While most of the work of gardening happens in early summer, one of the most creative (and, for some, the most fun) parts of gardening is best done late spring. Arranging and planning a garden is like a dream come true – a way to express your grand vision of a garden before you start on any of the hard work. But it’s more than just a dream – creating a clear, detailed garden plan is the best way to make the most of your yard space.
Sketch your plot
The first step is to make a scale drawing of the area you’re going to plant in. It may be a simple square or rectangle, but you may also need to sketch in curves or odd shapes, if you’re planting in raised beds or around buildings and structures. Start with a simple grid system that will fit on the sheet of paper you’re using (a one foot to one inch scale often works well, unless you’re working with very large beds – whatever your space, find a scale that works for you). Once you’ve got your grid laid out, adding a square or rectangular bed is simple. If you’re working with a curved bed, sketch out a square or rectangle that can accommodate the whole shape, then use the gridlines to help you draw in the curves – a simple diagonal line though the center of one or more squares will act as a good guideline for any curve you need to draw.
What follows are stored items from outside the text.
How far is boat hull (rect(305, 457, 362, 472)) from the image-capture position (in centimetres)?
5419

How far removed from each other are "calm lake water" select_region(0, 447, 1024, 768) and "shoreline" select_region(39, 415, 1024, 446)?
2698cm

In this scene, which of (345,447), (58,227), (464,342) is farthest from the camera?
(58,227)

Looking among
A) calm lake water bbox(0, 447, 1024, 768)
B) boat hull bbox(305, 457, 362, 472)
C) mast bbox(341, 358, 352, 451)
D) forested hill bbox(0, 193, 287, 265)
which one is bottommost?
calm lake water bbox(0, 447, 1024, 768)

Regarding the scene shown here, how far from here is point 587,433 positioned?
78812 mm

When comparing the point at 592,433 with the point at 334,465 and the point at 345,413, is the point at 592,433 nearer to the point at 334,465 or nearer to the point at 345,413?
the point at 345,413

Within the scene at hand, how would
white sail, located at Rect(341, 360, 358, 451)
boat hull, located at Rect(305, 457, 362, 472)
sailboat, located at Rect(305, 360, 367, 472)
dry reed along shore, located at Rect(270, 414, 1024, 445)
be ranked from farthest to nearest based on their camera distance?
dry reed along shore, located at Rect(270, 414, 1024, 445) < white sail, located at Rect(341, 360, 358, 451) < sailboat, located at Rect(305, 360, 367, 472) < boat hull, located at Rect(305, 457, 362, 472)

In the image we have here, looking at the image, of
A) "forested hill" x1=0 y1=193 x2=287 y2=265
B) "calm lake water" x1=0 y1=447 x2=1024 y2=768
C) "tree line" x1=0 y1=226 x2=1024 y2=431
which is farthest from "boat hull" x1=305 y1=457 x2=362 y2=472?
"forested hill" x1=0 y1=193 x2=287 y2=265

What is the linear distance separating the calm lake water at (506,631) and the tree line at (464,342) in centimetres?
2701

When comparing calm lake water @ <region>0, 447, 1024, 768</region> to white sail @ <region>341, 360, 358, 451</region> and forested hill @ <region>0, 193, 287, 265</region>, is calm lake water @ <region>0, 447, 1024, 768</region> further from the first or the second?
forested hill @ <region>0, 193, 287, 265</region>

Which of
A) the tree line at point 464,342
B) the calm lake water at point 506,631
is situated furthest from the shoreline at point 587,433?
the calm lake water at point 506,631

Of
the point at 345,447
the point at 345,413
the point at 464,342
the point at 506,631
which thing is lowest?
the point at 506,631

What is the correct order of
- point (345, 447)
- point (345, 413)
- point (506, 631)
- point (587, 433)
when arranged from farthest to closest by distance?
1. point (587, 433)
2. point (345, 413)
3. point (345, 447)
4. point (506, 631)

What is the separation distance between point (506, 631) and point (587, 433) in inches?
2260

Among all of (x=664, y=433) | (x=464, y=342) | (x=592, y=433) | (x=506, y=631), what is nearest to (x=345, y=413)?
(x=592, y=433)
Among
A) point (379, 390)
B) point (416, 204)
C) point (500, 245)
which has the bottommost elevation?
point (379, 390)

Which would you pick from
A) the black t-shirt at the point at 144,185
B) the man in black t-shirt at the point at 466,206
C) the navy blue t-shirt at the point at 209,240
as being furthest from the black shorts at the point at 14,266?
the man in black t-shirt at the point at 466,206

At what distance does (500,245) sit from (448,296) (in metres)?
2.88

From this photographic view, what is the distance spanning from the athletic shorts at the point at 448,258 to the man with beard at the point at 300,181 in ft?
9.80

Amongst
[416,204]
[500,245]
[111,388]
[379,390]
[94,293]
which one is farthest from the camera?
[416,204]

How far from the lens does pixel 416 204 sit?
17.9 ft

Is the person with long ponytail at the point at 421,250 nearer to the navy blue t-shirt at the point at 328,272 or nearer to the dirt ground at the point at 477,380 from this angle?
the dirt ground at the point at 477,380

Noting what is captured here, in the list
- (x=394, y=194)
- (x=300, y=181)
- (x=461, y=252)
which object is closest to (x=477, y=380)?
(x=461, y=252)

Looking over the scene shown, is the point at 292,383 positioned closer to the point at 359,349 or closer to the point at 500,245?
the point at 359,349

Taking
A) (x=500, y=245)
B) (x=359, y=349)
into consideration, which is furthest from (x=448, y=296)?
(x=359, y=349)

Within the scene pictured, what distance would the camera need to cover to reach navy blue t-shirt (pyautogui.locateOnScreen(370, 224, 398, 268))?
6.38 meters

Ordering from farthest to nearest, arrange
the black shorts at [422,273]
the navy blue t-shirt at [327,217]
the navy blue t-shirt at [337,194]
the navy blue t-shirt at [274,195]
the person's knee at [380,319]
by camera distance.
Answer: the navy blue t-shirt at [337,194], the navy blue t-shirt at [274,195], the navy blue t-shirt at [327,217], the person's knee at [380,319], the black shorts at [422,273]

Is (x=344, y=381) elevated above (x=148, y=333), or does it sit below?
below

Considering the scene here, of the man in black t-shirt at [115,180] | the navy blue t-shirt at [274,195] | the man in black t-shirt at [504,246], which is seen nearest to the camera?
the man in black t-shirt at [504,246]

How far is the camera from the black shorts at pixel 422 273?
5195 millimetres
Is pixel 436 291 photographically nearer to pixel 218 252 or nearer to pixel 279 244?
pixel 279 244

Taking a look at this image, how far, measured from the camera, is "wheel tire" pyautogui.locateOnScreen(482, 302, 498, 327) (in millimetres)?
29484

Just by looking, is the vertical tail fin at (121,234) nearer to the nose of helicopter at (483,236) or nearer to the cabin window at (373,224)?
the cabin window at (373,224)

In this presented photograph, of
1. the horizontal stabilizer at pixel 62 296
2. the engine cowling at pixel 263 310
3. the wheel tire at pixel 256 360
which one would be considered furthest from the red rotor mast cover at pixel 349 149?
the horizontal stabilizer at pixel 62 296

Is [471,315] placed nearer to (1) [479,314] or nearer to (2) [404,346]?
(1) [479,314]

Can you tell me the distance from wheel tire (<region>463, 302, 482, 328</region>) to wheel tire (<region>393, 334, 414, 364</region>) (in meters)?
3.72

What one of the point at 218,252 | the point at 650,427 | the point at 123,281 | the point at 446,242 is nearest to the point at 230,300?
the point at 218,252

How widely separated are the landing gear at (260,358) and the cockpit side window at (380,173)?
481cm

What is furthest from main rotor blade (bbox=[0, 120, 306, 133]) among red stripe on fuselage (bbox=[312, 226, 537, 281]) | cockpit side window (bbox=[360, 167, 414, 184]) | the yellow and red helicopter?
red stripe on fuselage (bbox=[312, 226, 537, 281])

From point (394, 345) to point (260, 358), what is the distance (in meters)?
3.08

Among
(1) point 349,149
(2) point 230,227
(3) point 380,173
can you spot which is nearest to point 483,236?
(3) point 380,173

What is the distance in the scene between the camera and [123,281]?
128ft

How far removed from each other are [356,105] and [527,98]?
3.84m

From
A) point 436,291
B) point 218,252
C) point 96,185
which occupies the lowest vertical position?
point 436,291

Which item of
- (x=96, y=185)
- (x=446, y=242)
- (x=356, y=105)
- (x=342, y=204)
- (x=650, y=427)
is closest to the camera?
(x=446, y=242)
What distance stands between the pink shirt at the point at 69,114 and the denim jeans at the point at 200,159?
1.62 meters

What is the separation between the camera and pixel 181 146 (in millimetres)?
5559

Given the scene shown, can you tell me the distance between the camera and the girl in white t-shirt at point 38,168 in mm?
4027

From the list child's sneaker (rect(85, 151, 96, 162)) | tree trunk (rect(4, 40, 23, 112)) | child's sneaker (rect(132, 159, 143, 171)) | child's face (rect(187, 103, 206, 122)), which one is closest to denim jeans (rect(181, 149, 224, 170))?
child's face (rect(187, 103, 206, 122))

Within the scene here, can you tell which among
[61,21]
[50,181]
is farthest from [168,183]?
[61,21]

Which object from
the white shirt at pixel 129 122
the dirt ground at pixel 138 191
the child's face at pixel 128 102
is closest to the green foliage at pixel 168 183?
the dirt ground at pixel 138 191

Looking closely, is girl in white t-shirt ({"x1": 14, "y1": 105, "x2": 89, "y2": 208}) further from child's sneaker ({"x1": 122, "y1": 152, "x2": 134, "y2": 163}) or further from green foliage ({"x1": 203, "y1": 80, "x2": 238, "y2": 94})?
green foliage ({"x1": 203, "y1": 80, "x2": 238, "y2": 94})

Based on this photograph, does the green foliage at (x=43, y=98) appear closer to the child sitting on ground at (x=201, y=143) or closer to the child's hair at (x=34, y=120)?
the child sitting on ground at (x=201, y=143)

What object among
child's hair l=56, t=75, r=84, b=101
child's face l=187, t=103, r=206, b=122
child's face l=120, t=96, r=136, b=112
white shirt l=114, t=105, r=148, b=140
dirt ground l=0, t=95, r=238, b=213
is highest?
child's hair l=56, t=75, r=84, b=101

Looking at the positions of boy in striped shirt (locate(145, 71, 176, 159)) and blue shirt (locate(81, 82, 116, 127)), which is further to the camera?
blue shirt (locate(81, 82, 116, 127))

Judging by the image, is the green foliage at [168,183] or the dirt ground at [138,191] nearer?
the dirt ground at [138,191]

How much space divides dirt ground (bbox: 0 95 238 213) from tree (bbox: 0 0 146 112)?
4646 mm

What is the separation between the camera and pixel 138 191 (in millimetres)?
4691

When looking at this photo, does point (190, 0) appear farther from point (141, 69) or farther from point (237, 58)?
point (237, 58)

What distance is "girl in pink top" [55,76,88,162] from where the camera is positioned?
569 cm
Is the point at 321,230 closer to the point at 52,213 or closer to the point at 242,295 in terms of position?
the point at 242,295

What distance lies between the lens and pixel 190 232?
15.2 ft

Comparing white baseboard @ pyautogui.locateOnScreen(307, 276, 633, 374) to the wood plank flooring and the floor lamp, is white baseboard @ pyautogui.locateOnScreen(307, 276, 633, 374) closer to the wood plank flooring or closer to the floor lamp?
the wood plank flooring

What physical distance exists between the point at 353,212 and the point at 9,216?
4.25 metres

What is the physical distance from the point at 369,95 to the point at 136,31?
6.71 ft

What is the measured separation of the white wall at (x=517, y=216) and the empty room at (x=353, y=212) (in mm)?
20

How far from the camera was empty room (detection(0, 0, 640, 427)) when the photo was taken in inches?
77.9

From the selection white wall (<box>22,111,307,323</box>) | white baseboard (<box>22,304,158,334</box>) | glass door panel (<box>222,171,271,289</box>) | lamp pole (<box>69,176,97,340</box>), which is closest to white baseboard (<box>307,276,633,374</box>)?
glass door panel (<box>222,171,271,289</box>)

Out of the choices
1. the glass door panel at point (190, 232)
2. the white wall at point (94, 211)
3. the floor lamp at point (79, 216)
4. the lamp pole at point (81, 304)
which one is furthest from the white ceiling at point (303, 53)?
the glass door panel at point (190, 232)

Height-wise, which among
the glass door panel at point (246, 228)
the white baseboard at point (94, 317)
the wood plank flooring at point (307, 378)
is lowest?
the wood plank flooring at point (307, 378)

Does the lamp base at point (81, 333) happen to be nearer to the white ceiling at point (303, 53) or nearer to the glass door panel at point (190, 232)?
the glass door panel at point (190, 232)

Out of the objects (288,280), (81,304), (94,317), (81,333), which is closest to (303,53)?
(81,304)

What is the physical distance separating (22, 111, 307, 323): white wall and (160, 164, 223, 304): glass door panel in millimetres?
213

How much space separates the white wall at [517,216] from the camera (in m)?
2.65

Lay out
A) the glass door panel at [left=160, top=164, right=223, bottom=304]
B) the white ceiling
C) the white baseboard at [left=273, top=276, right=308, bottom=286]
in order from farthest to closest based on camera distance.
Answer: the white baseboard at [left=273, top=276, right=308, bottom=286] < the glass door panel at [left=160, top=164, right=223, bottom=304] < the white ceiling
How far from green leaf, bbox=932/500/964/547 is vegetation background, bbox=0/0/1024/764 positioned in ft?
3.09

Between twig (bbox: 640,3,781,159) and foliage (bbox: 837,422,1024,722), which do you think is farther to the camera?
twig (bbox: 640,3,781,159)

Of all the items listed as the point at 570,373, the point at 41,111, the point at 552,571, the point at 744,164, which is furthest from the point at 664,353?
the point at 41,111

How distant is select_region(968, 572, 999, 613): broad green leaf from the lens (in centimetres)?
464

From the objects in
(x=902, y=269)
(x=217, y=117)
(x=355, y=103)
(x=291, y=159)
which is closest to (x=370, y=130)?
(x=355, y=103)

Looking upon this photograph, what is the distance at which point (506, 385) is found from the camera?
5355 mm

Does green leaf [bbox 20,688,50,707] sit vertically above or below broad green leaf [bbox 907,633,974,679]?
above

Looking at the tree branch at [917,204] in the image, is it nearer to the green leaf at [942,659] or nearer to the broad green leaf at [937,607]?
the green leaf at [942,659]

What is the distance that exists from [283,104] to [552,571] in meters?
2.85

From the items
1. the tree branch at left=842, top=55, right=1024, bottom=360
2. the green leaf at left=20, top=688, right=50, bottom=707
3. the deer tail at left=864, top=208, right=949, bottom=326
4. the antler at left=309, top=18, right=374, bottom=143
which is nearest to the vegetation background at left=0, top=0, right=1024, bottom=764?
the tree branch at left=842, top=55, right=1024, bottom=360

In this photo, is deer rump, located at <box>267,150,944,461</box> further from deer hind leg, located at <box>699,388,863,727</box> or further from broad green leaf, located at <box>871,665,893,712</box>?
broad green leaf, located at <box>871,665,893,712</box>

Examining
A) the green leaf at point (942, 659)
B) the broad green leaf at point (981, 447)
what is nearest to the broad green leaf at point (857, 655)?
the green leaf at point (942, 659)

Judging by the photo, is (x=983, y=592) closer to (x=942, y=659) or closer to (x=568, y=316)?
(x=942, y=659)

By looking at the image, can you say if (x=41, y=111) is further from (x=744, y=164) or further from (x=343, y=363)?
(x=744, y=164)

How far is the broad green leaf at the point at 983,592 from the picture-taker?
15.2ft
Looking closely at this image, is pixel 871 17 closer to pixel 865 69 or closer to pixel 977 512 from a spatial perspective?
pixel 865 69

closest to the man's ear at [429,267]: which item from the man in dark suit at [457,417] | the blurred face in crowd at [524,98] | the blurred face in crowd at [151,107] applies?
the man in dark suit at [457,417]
Label Post-it® Notes with what you want to grow
Collect some 2×2 Post-it® Super Sticky Notes in different colors, and label each color with the name of a plant you’d like in your garden. Create enough labeled notes for each plant to represent roughly the ratios you’d like in your garden. (If what you want to plant is quite small, each note can represent multiple plants, a small bed, or an arrangement of plants, as necessary.)
Design your garden
Take your labeled notes and place them into your available plots. Arrange and rearrange as you see fit, until you’ve used the space you’ve got in the best possible way. Don’t forget to account for the area each plant needs to grow and expand, or for special cases where a plant needs extra sun (or a particular type of soil).
Use your plan as a guide for spring and early summer
When you have the plan finalized, you can use it to create a schedule for making purchases, deciding on planting dates and starting seeds indoors over the winter. Or, if you’re waiting until spring to get started, keep your plan handy and use it to daydream about the bounty of the coming season.